Exploring Key Factors of Firearm Fatalities in Mississippi Using Regression Analysis
by Heather Robbins
by Heather Robbins
Firearm fatalities are a significant problem in the United States and are the leading cause of death for young people (Annual Gun Violence Data | Center for Gun Violence Solutions, n.d.). While these deaths vary substantially from state to state, identifying potential predictors of firearm fatalities through regression analysis can help to better understand local factors and explore if relationships between said factors and outcomes vary across geography.

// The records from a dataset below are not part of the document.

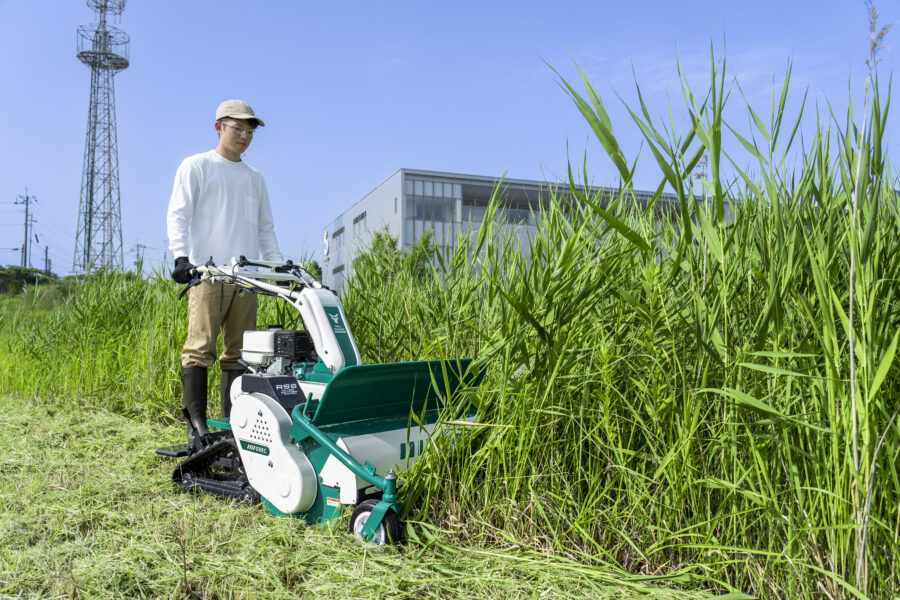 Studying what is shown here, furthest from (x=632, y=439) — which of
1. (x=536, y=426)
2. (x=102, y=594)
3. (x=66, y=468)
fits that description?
(x=66, y=468)

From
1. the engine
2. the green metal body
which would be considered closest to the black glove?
the engine

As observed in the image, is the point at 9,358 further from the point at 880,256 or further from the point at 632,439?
the point at 880,256

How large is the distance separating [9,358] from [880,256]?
8.18 metres

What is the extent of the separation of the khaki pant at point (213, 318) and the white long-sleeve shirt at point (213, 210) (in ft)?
0.72

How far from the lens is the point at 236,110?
385cm

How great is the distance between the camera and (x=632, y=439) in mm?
2340

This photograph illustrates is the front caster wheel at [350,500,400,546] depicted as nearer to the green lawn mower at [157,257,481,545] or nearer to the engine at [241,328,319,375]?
the green lawn mower at [157,257,481,545]

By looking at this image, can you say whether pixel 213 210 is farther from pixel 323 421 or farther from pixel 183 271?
pixel 323 421

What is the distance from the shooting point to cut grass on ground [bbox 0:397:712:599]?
2.06 meters

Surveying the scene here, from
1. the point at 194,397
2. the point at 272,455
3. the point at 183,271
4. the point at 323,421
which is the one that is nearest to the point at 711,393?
the point at 323,421

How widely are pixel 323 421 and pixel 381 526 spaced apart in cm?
53

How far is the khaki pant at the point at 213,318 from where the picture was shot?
380 cm

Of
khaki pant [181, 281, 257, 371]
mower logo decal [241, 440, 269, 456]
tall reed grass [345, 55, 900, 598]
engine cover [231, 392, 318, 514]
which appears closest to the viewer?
tall reed grass [345, 55, 900, 598]

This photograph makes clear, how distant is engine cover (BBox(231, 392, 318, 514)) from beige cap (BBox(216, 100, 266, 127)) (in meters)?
1.74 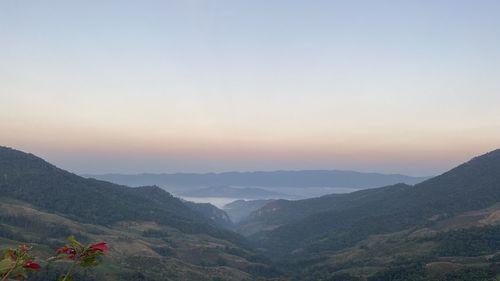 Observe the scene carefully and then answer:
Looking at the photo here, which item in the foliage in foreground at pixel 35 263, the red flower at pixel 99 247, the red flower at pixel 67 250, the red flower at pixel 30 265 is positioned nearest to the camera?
the foliage in foreground at pixel 35 263

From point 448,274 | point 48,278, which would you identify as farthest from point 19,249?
point 448,274

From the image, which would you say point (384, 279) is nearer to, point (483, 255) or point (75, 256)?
point (483, 255)

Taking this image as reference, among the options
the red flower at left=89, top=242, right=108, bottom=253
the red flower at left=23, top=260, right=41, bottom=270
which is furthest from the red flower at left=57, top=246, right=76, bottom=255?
the red flower at left=23, top=260, right=41, bottom=270

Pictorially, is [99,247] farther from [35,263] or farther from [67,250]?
[35,263]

Located in the southeastern United States, Mississippi is characterized by a diverse landscape that includes lowlands along the Mississippi River, rolling hills in the central and northern regions, and flat plains in the Delta region. The state is comprised of 82 counties, with a mix of rural agricultural areas, small towns, and a few urban centers such as Jackson and Gulfport. Mississippi has historically faced high rates of poverty, limited healthcare access, and educational disparities, especially in its rural counties (Office of Preventive Health and Health Equity et al., 2023).
What socioeconomic and health-related factors best explain the variation in firearm fatality rates across counties in Mississippi?
The County Health Rankings & Roadmaps (CHR&R) organization provides an annual report and data from a multitude of entities including the Bureau of Labor Statistics, USDA Food, American Community Surveys (Census Bureau) and the National Center for Labor Statistics. The County Health Rankings Feature Service includes over 300 variables with national, state and county level data regarding various health factors. Firearm fatalities rate (per 100,000 people) is the selected dependent variable from this data. Esri's Demographic Variables is a Feature Service available in the Living Atlas with various key demographic characteristics related to population. The GINI index is used from this service as one of the explanatory variables.
Figure 1 - Histogram of Dependent Variable - Firearm fatalities per 100,000
Statistics of the data indicate there are outliers, 5 counties are highlighted as outliers: Hinds, Holmes, Leflore, Washington and Wilkinson. 9 counties are missing the dependent variable data, all remaining counties are included in the analysis.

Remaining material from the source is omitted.